Um parêntesis para dizer que aragonite e calcite são duas formas (ou dois minerais) diferentes de carbonato de cálcio, sendo que a segunda é mais estável, razão pela qual, com o passar do tempo, a aragonite dos referidos esqueletos calcários se transforma em calcite, o mineral essencial do calcário calcítico e do mármore que, igualmente, podemos dizer calcítico. Isto porque também há mármores dolomíticos.
Para falarmos do mármore alentejano (grande riqueza nacional no sector da Indústria extractiva), temos de recuar a um oceano antigo, que aqui existiu há bem mais de três centenas de milhões de anos, e admitir que houve, neste local do território, mas a uma latitude mais baixa (como a dos actuais mares tropicais), um mar litoral propício à proliferação de organismos, bem diferentes dos actuais, mas todos eles construtores de esqueletos de natureza calcária.
Foi durante a formação da grande cadeia de montanhas que abrangeu toda a Península Ibérica (orogenia varisca ou hercínica de há 380 a 280 milhões de anos, no final da era paleozóica) que, entre outras rochas, deu origem aos xistos, grauvaques, quartzitos e granitos que formam a respectiva ossatura, que nasceu este mármore, por transformação do dito calcário.
Numa descrição mais pormenorizada podemos dizer que o mármore calcítico, como o que temos em Estremoz-Borba-Vila Viçosa, os de Viana do Alentejo ou os de Trigaches. perto de Beja, tem estrutura granoblástica, isto é, apresenta grãos minerais (calcite) aproximadamente todos do mesmo tamanho (equidimensionais) e sem orientação.
Menos importantes, mas contemporâneos e tendo sofrido as mesmas vicissitudes, temos, ainda, no Alentejo, os mármores de Sousel, Elvas, Escoural, Alvito e Ficalho.

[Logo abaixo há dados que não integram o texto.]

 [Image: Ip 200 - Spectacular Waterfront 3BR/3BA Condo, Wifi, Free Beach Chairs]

Merece, ainda, referência o mármore branco de Vimioso (esgotado), em Santo Adrião, no Nordeste transmontano.
Menos comum, o mármore dolomítico resultou do metamorfismo de dolomitos (rochas sedimentares essencialmente formadas pelo mineral dolomite, o carbonato de cálcio e magnésio). Como mármore dolomítico merece destaque a chamada “pedra cascável”, subjacente aos mármores calcíticos de Estremoz-Borba-Vila Viçosa.
Com nomes consagrados na indústria e no comércio nacionais destacam-se os mármores:
- na região de Vila Viçosa: Branco Estatuária, Branco Anilado, Creme Lagoa, Rosa Aurora e Rosa Venado.

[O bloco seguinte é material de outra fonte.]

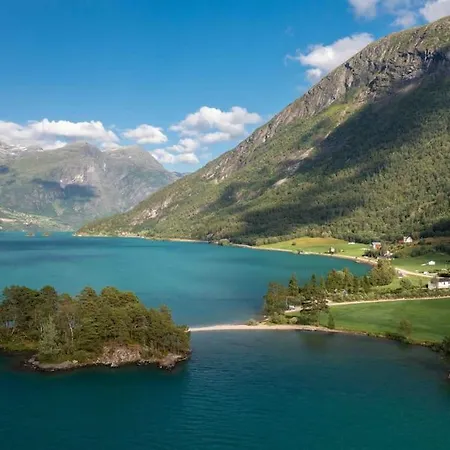 Landelig Hus Med Fin Badestrand Og Turomrade.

- na região de Estremoz: Branco Corrente, Branco Rosado e Creme Venado.
- na região de Borba: Ruivina Escuro, Creme do Mouro, Rosa de Rosal e Rosa Venado:
- na região de Escoural: Verde Escoural.
- na região de Viana do Alentejo: Verde Viana.
- -na região de Trigaches (Beja): Cinzento Anegrado, Cinzento Claro.
- -na região de Serpa: Verde Ficalho.
Notas:
Diz-se marmoreado ou marmóreo, o que lembra o mármore, na cor, no frio, na insensibilidade.
Marmorite é um produto fabricado, destinado pavimentos e revestimento de paredes. Consiste, geralmente, numa mistura de fragmentos de rochas diversas (mármore, calcário e outras) aglutinados por um cimento. Uma vez seco, é serrado, polido e usado em pavimentos, à semelhança das rochas ornamentais.